--- Source information Enclosed Below ---

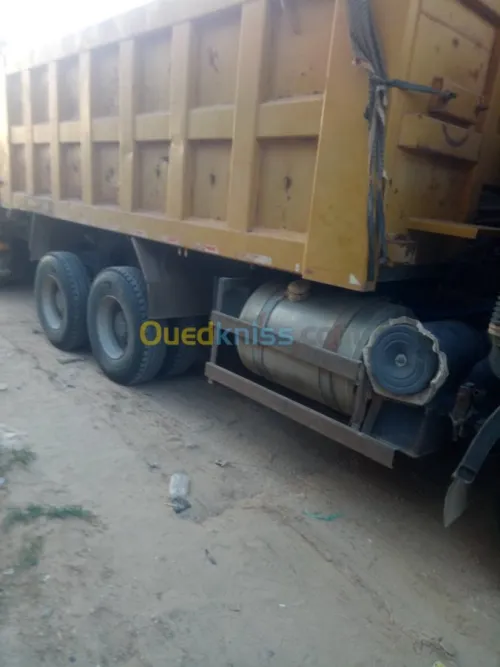 2 Camion Hong yang  hp 2012
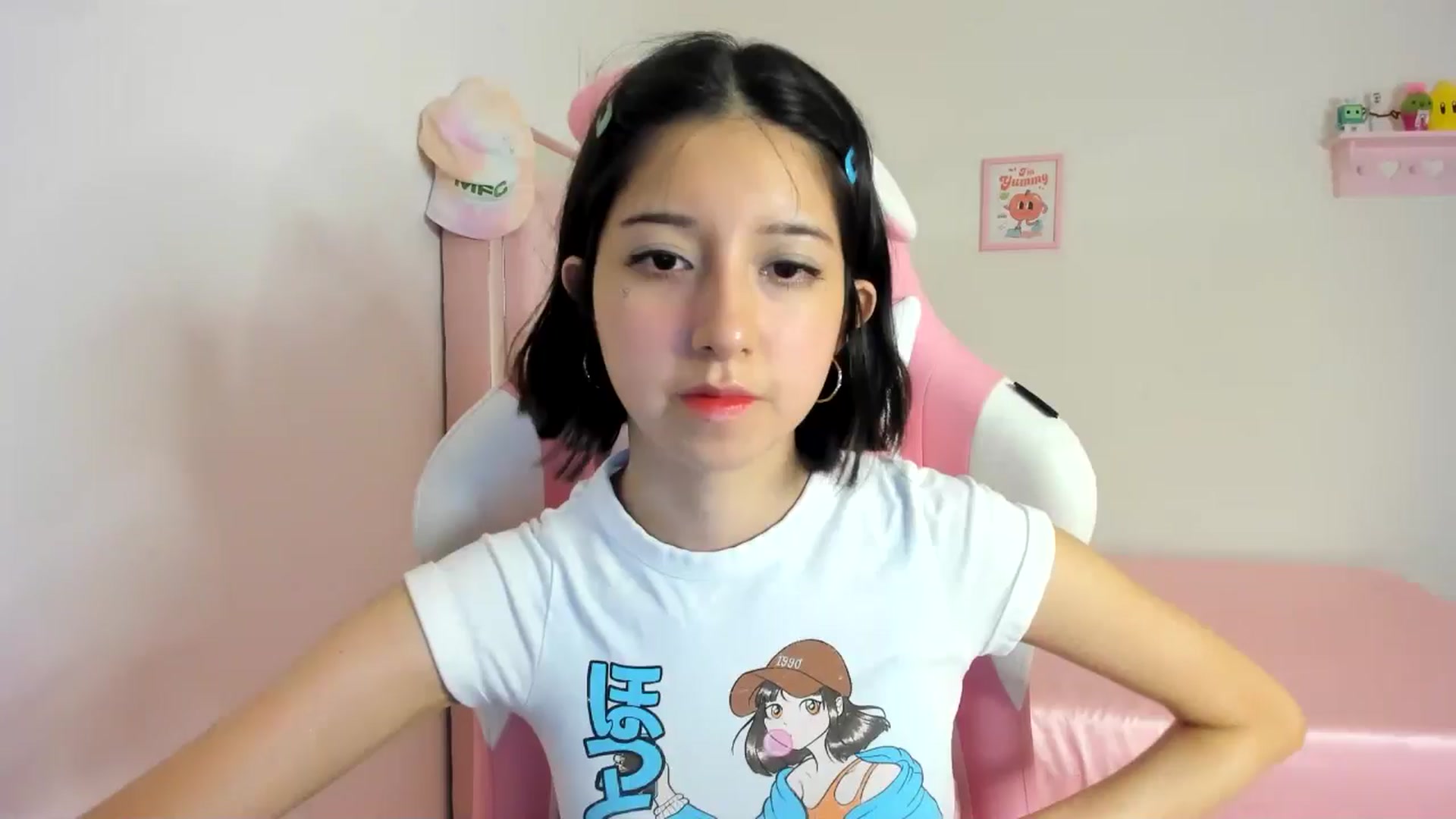 Gallery image thumbnail from Cherrycute666's myfreecams stream on, 06/13/2024, 09:25 image 1 of 20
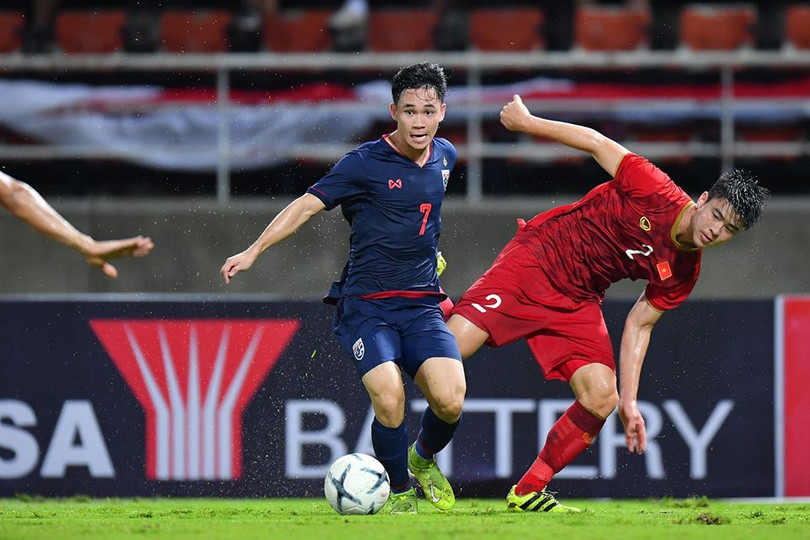 HLV A.Nishino sẽ tập trung thời gian, công sức cho đội tuyển Thái Lan để “đền đáp” chủ tịch LĐBĐ Thái Lan Somyot Poompanmoung đã dành trọn niềm tin cho mình trong những ngày sóng gió. Ảnh FAT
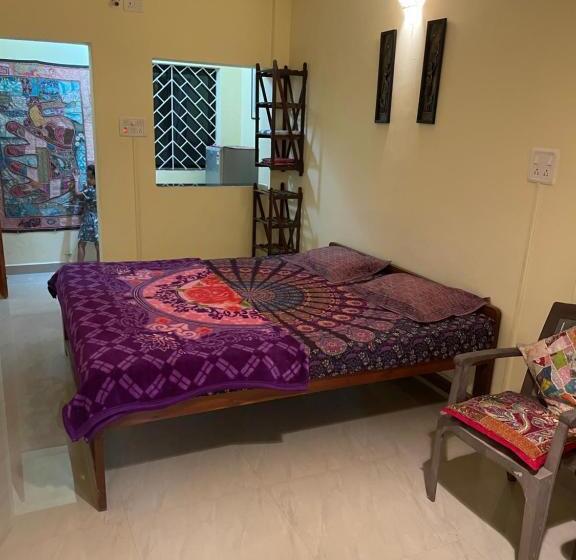 پانسیون No Name Guesthouse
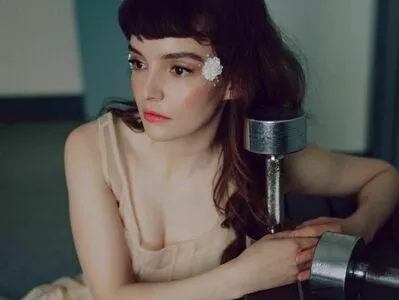 Lauren Mayberry / laurenevemayberry nude photo #1178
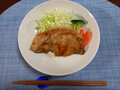 厚切りロース肉のソテー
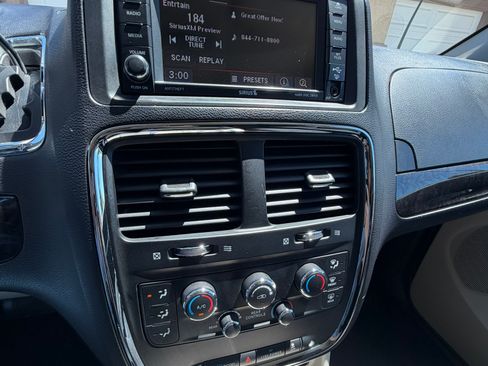 Used 2014 Dodge Grand Caravan SXT w/ Rear Park Assist Package FWD image 19
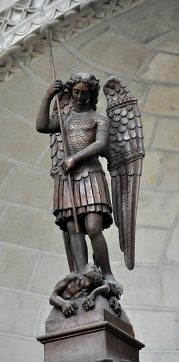 L'archange saint Michel terrassant le démon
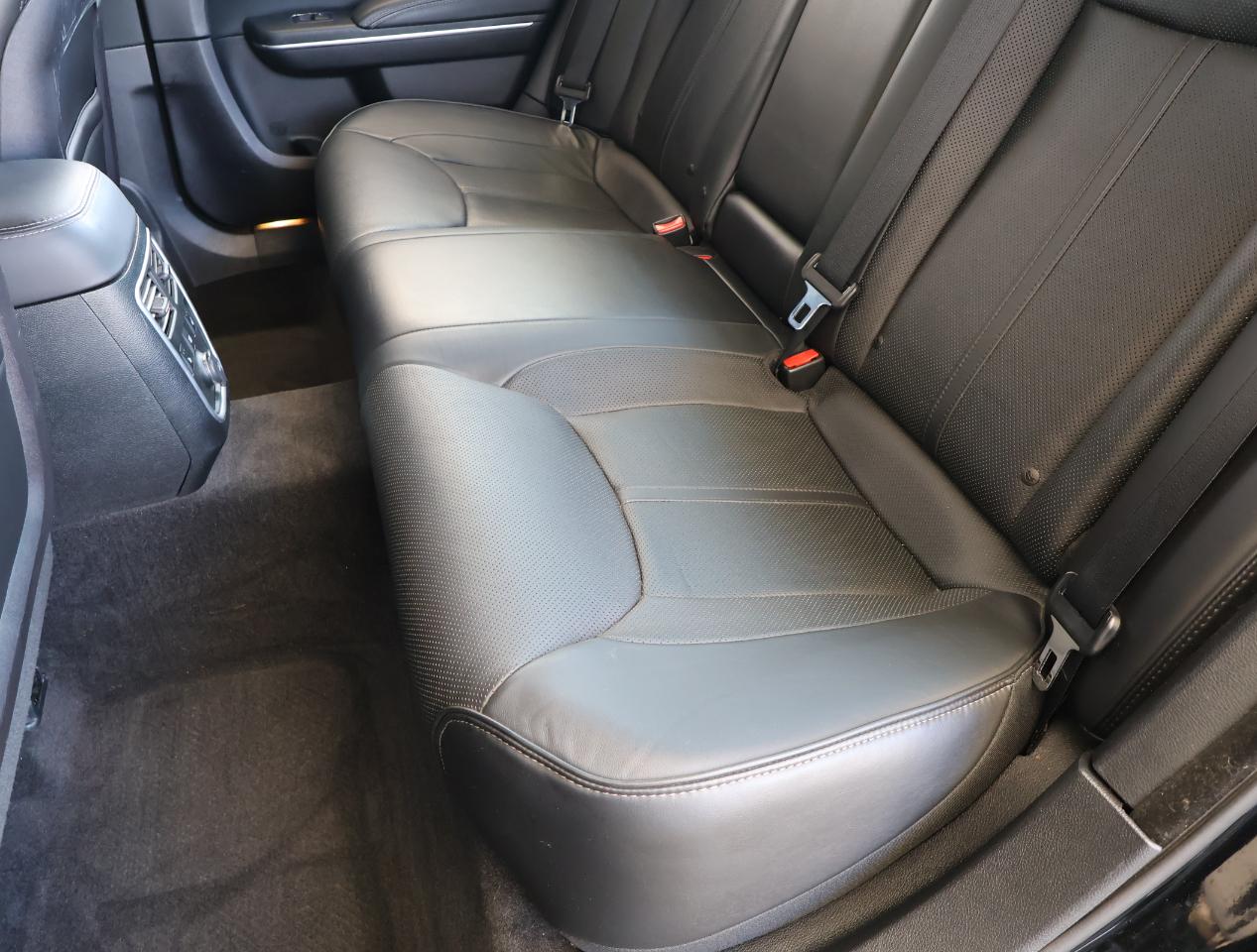 Chrysler 300 C HEMI 2012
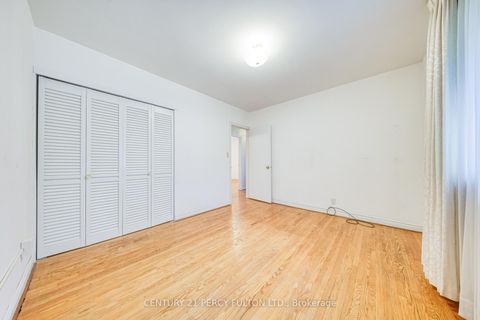 Photo 14 at 73 Berkinshaw Crescent, Don Mills, Toronto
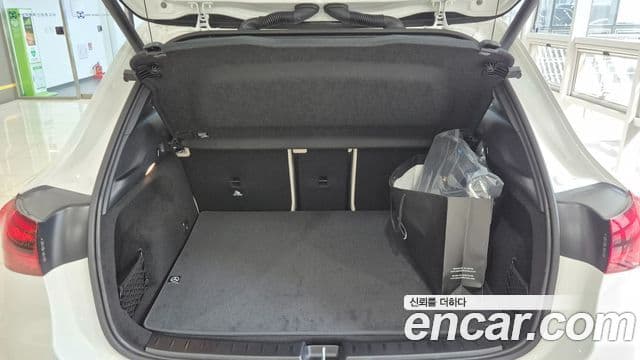 Mercedes-Benz EQA H243 EQA250 Progressive, 2026 14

--- End of Enclosed Source information ---

Try it:
Nothing but the lines from the one containing "Chrysler 300 C HEMI 2012" through the final line of the entries above should be given again, each exactly as written; omit the pictures.

Response box:
 Chrysler 300 C HEMI 2012
 Photo 14 at 73 Berkinshaw Crescent, Don Mills, Toronto
 Mercedes-Benz EQA H243 EQA250 Progressive, 2026 14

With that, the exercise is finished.